[ABOUT THIS EXERCISE]: The result should be a faithful copy of every entry below, with the pictures left out.

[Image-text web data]
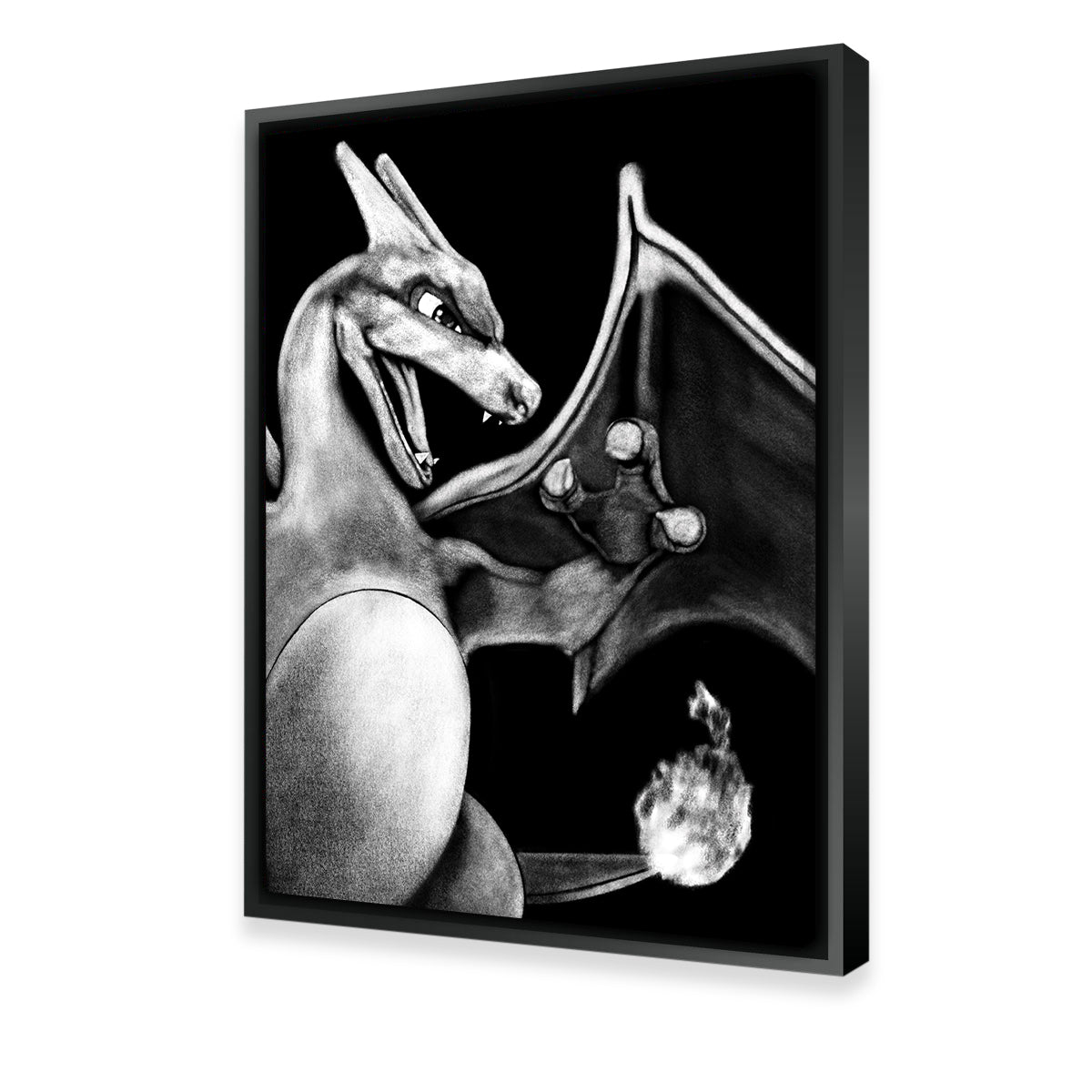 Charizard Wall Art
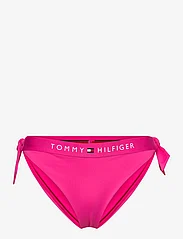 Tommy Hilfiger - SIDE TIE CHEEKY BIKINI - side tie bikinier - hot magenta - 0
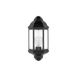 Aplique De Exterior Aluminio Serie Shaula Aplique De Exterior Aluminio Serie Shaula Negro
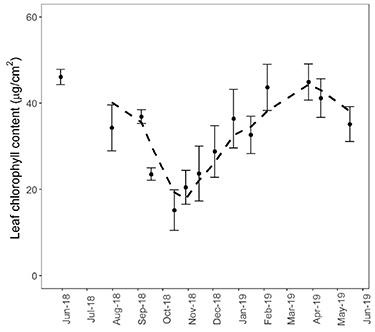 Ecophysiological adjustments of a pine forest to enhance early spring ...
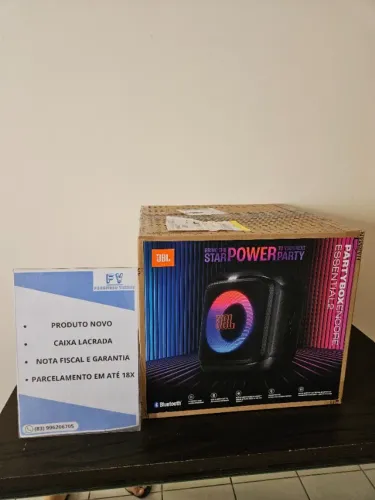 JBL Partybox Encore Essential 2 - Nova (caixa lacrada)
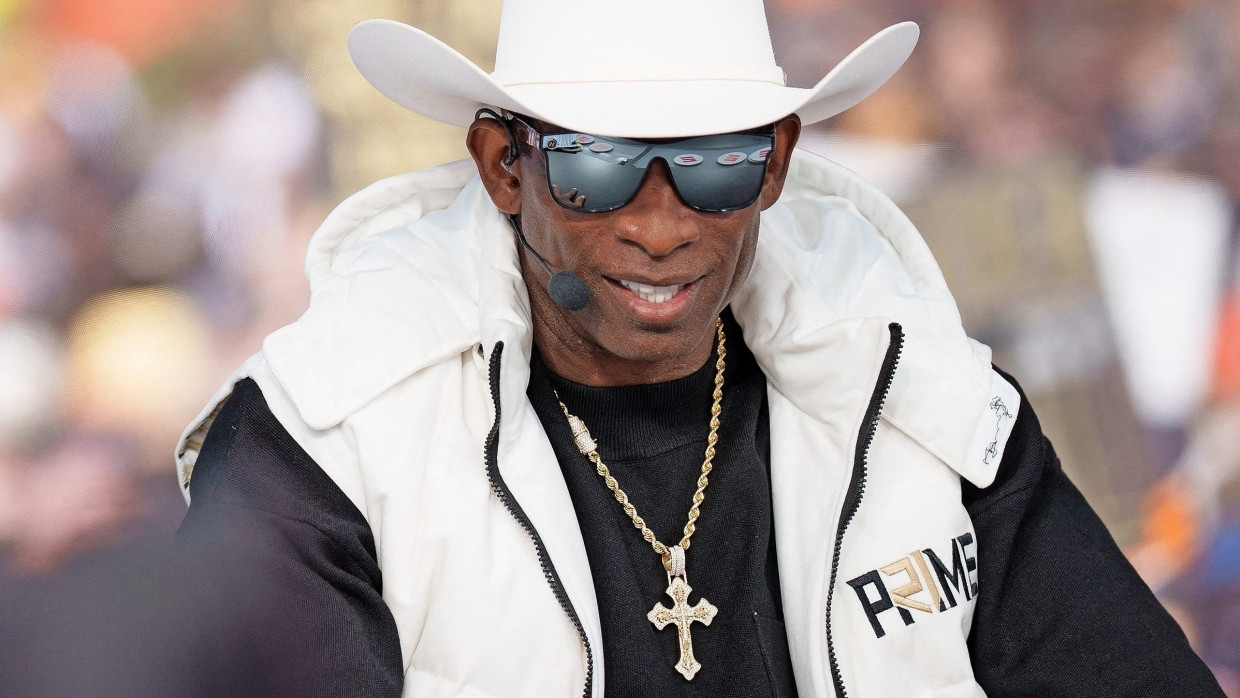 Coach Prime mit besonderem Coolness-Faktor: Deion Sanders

[FINISHED EXERCISE]:
 Charizard Wall Art
 Tommy Hilfiger - SIDE TIE CHEEKY BIKINI - side tie bikinier - hot magenta - 0
 Aplique De Exterior Aluminio Serie Shaula Aplique De Exterior Aluminio Serie Shaula Negro
 Ecophysiological adjustments of a pine forest to enhance early spring ...
 JBL Partybox Encore Essential 2 - Nova (caixa lacrada)
 Coach Prime mit besonderem Coolness-Faktor: Deion Sanders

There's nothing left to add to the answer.